Supportive of rETH specifically — Rocket Pool is one of the most thoughtfully designed staking protocols in the ecosystem. But I want to use this proposal to argue for something broader: a systematic infrastructure stack audit framework for every new LST/LRT listing on Aave, starting now.
The rsETH incident gave us an expensive lesson in what happens when collateral risk assessment stops at the asset layer and ignores the infrastructure beneath it. We shouldn’t repeat that mistake.
rETH Through the Collateral Risk Stack
When evaluating any staked derivative as collateral, I think about risk in layers:
Layer 1 — Validator/Staking Risk: What happens if validators get slashed?
- rETH: Distributed across permissionless node operators with individual 4 ETH bonds (post-Saturn 1). Slashing risk is diversified, not concentrated. A single operator failure doesn’t cascade. This is structurally strong.
Layer 2 — Protocol Risk: What happens if Rocket Pool itself has a bug?
- Mature protocol. Battle-tested contracts. Saturn 1 upgrade completed. Saturn 2 (megapools) is upcoming but not a dependency for the current rETH mechanism. Risk exists but is well-understood and has survived multiple market cycles.
Layer 3 — Oracle/Price Feed Risk: How does Aave know what rETH is worth, and what can break that?
- This is where rsETH failed catastrophically.

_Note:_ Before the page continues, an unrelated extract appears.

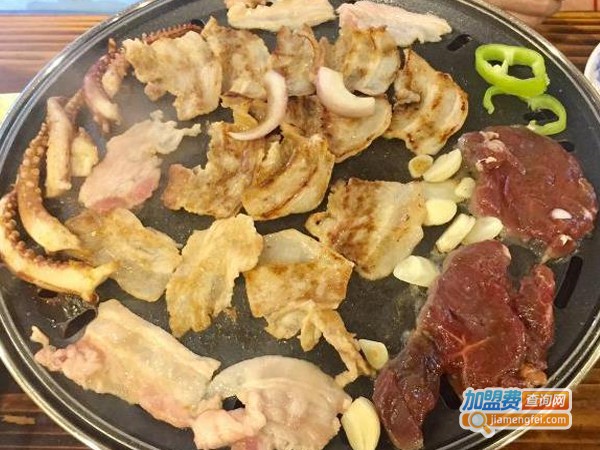 广州巷子烤肉加盟费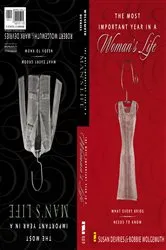Book cover of The Most Important Year in a Woman's Life/The Most Important Year in a Man's Life by Robert Wolgemuth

Kelp’s price feed depended on a single DVN (Decentralized Verifier Network) across a LayerZero bridge — one entity controlling the price signal for a multi-billion dollar collateral asset. When that was compromised, the price feed became the attack vector.
- For rETH: What oracle infrastructure will the Aave V4 Spoke use? Is there Chainlink redundancy? Is there a TWAP fallback? Is there any bridge dependency in the price feed path? This needs explicit documentation before listing.
Layer 4 — Cross-Chain/Bridge Risk: Does the asset travel across chains, and what trust assumptions does that introduce?
- rETH on Ethereum mainnet: no bridge dependency. rETH on L2s: depends on the bridge. If this Spoke serves cross-chain rETH, the bridge security model matters enormously. rsETH’s entire exploit originated in this layer.
What rETH Gets Right (That rsETH Didn’t)
The structural comparison is worth making explicit:
Decentralization of the operator set. Rocket Pool has thousands of permissionless node operators. Kelp relied on centralized infrastructure with a single DVN as a critical dependency. When you have one point of failure in your trust chain, you don’t have decentralization — you have a single point of failure with extra steps.
No rehypothecation chain. rETH represents a direct claim on staked ETH. rsETH was a liquid restaking token — a derivative of a derivative, adding layers of smart contract risk and infrastructure dependency at each level. Simpler is more auditable.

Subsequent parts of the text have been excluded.